YOUR GOAL: The records that follow are to be given again exactly. Do not carry over any image.

--- START ---

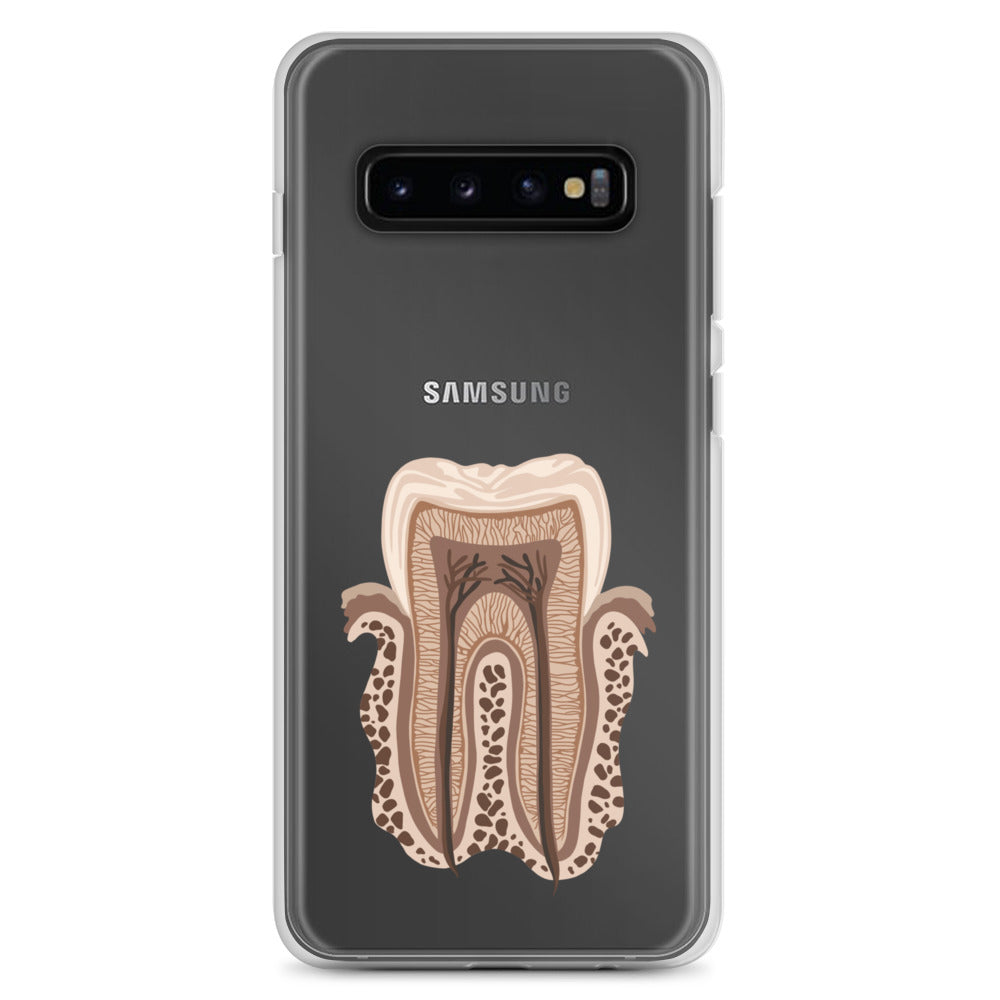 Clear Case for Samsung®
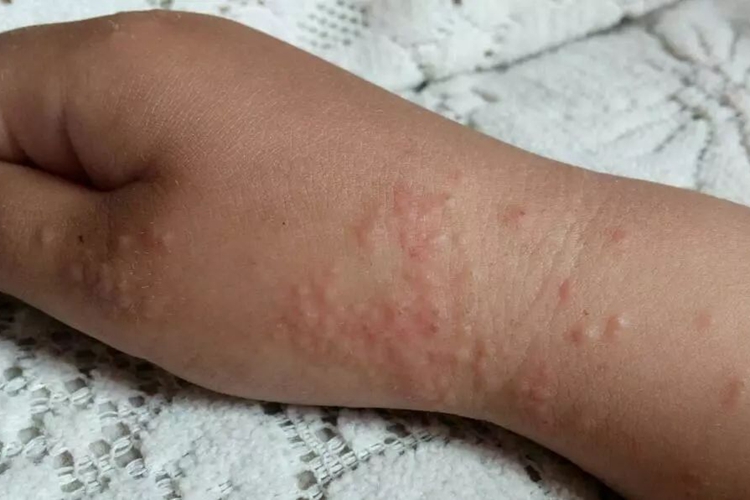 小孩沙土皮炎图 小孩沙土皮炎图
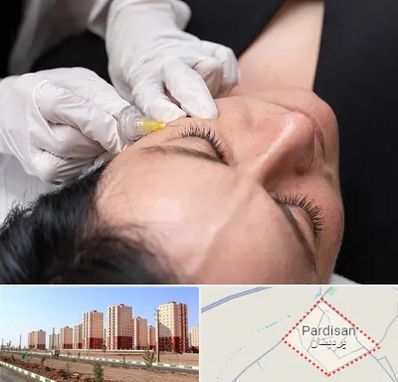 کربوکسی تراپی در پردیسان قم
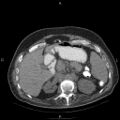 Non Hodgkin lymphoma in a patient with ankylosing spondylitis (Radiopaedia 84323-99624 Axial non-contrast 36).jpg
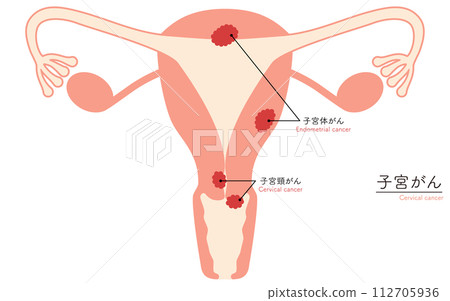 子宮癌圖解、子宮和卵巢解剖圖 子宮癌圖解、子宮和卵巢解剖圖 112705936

--- END ---

ANSWER FOR THIS EXERCISE:
 Clear Case for Samsung®
 小孩沙土皮炎图 小孩沙土皮炎图
 کربوکسی تراپی در پردیسان قم
 Non Hodgkin lymphoma in a patient with ankylosing spondylitis (Radiopaedia 84323-99624 Axial non-contrast 36).jpg
 子宮癌圖解、子宮和卵巢解剖圖 子宮癌圖解、子宮和卵巢解剖圖 112705936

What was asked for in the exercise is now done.